Although it was quite cold in the morning when we left the Yamnuska parking lot (a chilly -19°C), we were never really cold after that all day because we were constantly moving and the sun and bright blue skies provided extra heat through the reflection off the snow. We probably could’ve picked a more efficient route, but confusion over all the cutlines in the area by other parties had us opt for the straightforward approach, namely to follow any existing paths for as long as possible. After coming down the north side of the Yamnuska shoulder we hit the creek in the CMC valley that was mostly frozen over. On the other side of the creek we turned right and followed an obvious path that runs parallel to the creek, but it soon disintegrated into a mess of ice and frozen-over puddles mixed with fallen trees, so we decided to head up the bank to our left towards the NE trying to find the path that runs N-S over the Wendell shoulder. After some light bushwhacking we eventually found the path, which quickly led us over the shoulder and into the valley between Association Peak and Wendell Mountain. The snow cover was about 10-20 cm on the trails, which made it easy on the knees and allowed for quick downhill “sliding”; however, hiking on flat sections and uphill proved to be slow and energy-draining.

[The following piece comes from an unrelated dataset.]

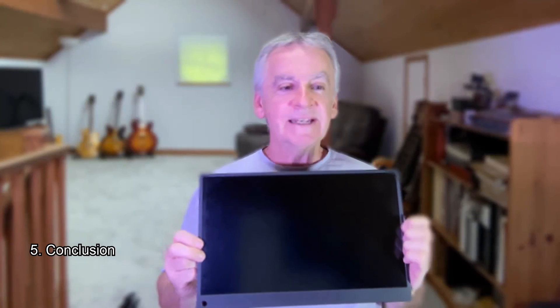The Uperfect monitor is great value for money and I would recommend it as a second monitor for your Apple Mac. It works with the Mac straight out of the box and the colors and brightness are good. I hope this video has been useful, please like and subscribe. If you have any questions, please leave a comment.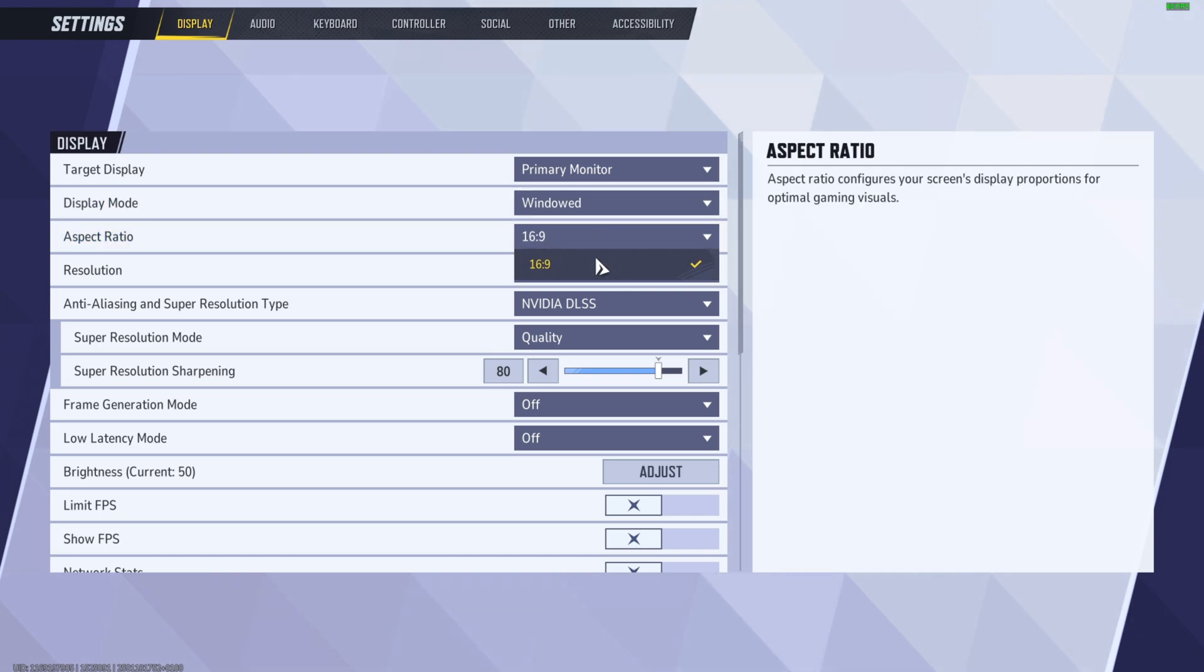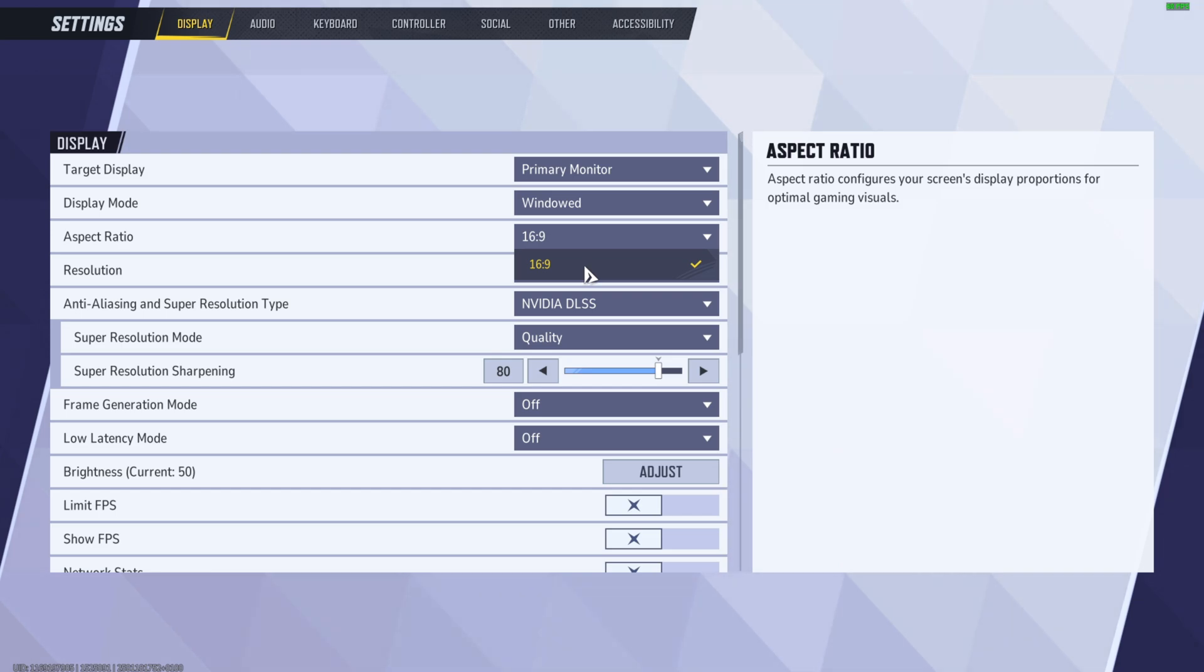As you can see, I have just 16 by 9. To change this, I have to go into the NVIDIA Control Panel or the Windows settings display settings. Right there, I can add a new custom aspect ratio, and then after a restart, this option is available right here as well.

We left the path near an open forest meadow, just before reaching Old Fort Creek, heading left (west) in order to shortcut through light bush to a small valley on the south side of Association Peak. Old Fort Creek was partially frozen over, but water levels were generally low and it was easy to find a spot to rock-hop over it. The drainage that leads out of this southerly valley is initially quite narrow, and walking on snow or ice-covered boulders with the occasional deadfall was tiring and slowed us down quite a bit. But things soon got interesting, where the valley narrowed even further to a canyon: beautiful rock cliffs, a large frozen waterfall, and a gully floor that was now completely covered in ice and topped with a layer of snow, with water gurgling underneath it. Several steep cliffs were easily climbed or circumvented, but we wanted to have some fun so we decided to scramble most of them :). Higher up, a series of imposing cliff bands threatened to hinder our progress: there were lots of them, from a few metres to 10-15 m in height, and many had frozen waterfalls and spiky icicles hanging off them that looked like they were just waiting to attack us. It felt a bit eerie but serene at the same time to be here in this quiet, isolated valley on a glorious day with blue skies and no wind at all. After some routefinding it turned out it wasn’t that hard to zig-zag through the cliff bands and we eventually topped out at the broad summit ridge that runs E-W and reached the summit shortly after. It was super windy up here and my fingers almost froze off as I was trying to hastily take some summit shots. We couldn’t find the summit register, but we probably just didn’t look hard enough as we were in a hurry to get out of this uncomfortable place.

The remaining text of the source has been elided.